3) A third important issue with the law passed is the clearly disproportionately severe punishment for preparation or use of symbols. Imprisonment up to 5 years for any display of Nazi or communist symbols is manifestly and undeniably in breach of international human rights standards. It also in no way complies with the practice of other countries where for such actions only an administrative fine is envisaged. The proposed system of punishments needs urgent review, and criminal liability in this sphere needs to be rejected.
The State has the right to ban certain symbols and propaganda of certain ideology. However such a ban must meet certain requirements in order to comply with European human rights standards.
1) The law must be clear and foreseeable, the list of symbols and elements of ideology should be clearly formulated (preferably with pictures of such symbols), the provisions of the legislation should be maximally clear and unequivocal;
2) Such a ban should serve only the purposes defined for restriction of human rights, and there can therefore be no liability for simply using symbols where this is not linked with the threat of propaganda of prohibited ideology.
3) Such a ban should be necessary in a democratic society with this meaning that such a need must be proven in each case of punishment, and the punishment must be proportionate to the threat to the interests protected by the State.

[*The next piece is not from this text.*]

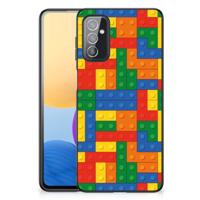 Samsung Galaxy M52 Back Case Blokken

In view of the above, we suggest that the President returns the bill to parliament for refinement and for the above-mentioned three problematical areas of the bill to be removed. In order to observe human rights, the following amendments are required:
1) Narrow the list of communist symbols and make an exhaustive list, preferably adding the images in colour;
2) Allow the use of prohibited symbols in art, science and for other “non-political” purposes;
3) Ban the use of communist and Nazi symbols for the purpose of propaganda of communism and Nazism;
4) Ban full use of communist and Nazi symbols by the authorities or for commercial purposes;
5) Exclude the restrictions on names for legal entities, as well as with respect to bans on communist symbols;
6) Exclude restrictions of electoral rights, including the possibility of registered parties and other associations putting forward candidates for deputy;
7) Exclude imprisonment as punishment, replacing this with less severe sanctions, and best, impose administrative liability for the relevant offences. At the same time, as mentioned above, the elements making up this offence need to be narrowed.